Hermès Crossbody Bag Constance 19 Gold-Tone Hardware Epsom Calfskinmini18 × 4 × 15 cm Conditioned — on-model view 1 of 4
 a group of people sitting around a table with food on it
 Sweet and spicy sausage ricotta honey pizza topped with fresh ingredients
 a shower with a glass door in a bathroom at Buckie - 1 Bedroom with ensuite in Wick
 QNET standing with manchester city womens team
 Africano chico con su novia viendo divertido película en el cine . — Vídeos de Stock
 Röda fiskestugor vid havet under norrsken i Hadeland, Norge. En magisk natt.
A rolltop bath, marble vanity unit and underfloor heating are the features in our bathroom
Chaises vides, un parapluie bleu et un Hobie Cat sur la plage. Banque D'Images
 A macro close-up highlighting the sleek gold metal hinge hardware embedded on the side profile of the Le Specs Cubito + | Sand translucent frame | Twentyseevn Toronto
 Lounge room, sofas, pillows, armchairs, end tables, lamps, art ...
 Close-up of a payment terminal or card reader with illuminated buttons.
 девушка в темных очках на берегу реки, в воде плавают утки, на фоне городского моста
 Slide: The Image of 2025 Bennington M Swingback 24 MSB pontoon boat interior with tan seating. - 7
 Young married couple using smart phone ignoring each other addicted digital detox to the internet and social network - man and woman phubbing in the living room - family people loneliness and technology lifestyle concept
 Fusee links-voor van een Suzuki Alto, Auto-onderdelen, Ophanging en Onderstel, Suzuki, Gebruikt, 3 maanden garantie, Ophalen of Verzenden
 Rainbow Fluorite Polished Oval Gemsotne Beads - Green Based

* TASK TO COMPLETE
Please give back exactly the lines of this listing beginning at the line with "a shower with" and ending with the line with "девушка в темных", both included, and nothing else.

* SOLUTION FOR THIS EXERCISE
 a shower with a glass door in a bathroom at Buckie - 1 Bedroom with ensuite in Wick
 QNET standing with manchester city womens team
 Africano chico con su novia viendo divertido película en el cine . — Vídeos de Stock
 Röda fiskestugor vid havet under norrsken i Hadeland, Norge. En magisk natt.
A rolltop bath, marble vanity unit and underfloor heating are the features in our bathroom
Chaises vides, un parapluie bleu et un Hobie Cat sur la plage. Banque D'Images
 A macro close-up highlighting the sleek gold metal hinge hardware embedded on the side profile of the Le Specs Cubito + | Sand translucent frame | Twentyseevn Toronto
 Lounge room, sofas, pillows, armchairs, end tables, lamps, art ...
 Close-up of a payment terminal or card reader with illuminated buttons.
 девушка в темных очках на берегу реки, в воде плавают утки, на фоне городского моста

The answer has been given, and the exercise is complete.